Brabbins explains that he knew the composer personally — “well, only a little, and I wish I’d known him better. I conducted his music at the Proms and the Wigmore Hall. He was always a delight to work with. Such charm. An incredibly positive life force. Similar to Max [Peter Maxwell Davies] in that respect — something to do with that lovely, sweet, youthful spirit. He was extravagant in his choice of clothing. All those striped tops! What I regret is that I never spoke to him about his withdrawn symphony.
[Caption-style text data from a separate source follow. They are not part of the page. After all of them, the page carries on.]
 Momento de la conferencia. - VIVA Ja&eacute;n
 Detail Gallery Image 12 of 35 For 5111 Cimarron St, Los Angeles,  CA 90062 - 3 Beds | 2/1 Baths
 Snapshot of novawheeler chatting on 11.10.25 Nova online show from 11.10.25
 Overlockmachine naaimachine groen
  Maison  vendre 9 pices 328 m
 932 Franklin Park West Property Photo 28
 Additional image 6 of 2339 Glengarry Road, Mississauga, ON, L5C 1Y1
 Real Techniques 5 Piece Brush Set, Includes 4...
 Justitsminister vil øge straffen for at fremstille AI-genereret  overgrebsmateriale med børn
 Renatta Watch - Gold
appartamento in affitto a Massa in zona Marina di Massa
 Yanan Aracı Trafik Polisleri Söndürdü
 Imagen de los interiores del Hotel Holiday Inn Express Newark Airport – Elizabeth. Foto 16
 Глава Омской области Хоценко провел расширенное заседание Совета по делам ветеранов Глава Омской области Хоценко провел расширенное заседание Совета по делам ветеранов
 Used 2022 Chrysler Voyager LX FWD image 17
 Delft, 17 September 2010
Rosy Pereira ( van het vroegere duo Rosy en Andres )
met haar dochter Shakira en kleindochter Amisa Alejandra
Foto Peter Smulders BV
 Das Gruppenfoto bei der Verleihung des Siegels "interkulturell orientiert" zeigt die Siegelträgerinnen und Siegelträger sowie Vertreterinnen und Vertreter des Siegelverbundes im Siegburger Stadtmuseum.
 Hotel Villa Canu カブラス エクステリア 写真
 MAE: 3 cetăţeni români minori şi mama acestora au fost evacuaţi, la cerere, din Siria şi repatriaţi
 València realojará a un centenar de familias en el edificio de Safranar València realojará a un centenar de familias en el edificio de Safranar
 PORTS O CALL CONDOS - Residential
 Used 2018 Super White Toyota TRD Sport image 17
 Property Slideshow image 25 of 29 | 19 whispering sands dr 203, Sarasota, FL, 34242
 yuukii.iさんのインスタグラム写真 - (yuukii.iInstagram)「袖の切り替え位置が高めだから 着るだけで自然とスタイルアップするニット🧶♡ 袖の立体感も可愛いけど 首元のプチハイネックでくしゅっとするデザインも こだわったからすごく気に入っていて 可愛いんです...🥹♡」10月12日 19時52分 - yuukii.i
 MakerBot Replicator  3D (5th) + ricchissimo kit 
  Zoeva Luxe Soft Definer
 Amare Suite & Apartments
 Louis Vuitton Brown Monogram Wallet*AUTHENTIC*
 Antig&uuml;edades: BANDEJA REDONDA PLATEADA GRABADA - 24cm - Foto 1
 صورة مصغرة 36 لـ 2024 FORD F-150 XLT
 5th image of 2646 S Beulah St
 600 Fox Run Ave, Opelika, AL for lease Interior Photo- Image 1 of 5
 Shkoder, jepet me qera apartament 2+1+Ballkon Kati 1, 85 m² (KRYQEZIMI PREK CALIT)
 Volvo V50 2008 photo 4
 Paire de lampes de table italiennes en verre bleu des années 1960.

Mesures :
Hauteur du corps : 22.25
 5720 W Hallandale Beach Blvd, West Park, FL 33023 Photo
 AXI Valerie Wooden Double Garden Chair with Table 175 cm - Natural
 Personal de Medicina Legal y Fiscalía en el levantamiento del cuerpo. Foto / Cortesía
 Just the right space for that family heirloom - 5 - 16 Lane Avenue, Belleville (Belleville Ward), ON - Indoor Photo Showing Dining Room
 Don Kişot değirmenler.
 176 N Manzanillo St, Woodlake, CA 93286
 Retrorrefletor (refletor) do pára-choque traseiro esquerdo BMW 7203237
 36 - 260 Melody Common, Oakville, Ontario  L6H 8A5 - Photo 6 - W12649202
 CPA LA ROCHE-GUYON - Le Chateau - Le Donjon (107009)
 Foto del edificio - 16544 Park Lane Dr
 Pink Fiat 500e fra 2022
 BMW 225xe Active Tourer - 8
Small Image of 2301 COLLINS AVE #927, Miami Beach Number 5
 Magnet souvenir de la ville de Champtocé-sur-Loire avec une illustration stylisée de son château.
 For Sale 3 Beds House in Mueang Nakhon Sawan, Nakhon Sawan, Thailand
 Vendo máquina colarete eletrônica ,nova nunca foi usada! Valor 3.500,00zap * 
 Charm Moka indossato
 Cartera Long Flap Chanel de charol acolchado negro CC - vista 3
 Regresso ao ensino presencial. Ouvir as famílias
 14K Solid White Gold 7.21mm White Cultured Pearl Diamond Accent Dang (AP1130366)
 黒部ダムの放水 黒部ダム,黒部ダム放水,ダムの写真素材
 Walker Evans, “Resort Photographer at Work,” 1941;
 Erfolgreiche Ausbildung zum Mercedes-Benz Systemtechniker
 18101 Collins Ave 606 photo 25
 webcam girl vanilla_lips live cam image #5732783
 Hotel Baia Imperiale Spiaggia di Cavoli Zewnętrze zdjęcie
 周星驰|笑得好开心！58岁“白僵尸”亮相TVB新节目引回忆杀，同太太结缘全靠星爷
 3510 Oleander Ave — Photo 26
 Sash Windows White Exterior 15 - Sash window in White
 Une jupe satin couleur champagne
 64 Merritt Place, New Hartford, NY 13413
We need to make more of people while they are still with us.”
What would Tippett have thought about the symphony he didn’t want people to hear — he regarded it as immature and overly influenced by Sibelius — now being performed and recorded? “Well…” Brabbins pauses. “I suppose he might have thought we were being a bit cheeky. He had a clause in his will that more or less said ‘just leave it alone now’. But, well, we’ve decided it’s worth hearing. Personally I feel there is more to be gained than lost.”
We’ll have to wait until next season to find out. For now, let’s ponder the closing words of Tippett’s first opera, The Midsummer Marriage, which is a couplet from WB Yeats: “All things fall and are built again/ And those that build them again are gay.” Or indeed the words Tippett himself told an audience in Liverpool before the premiere of his First Symphony on 10 November 1945: “Hang on tight. It comes out all right in the end.”
Martyn Brabbins conducts Tippett’s First Symphony tomorrow night at City Halls. He conducts the Second Symphony on 9 February. The Third and Fourth symphonies, and the early withdrawn symphony, will be performed during the BBCSSO’s 2017-18 season.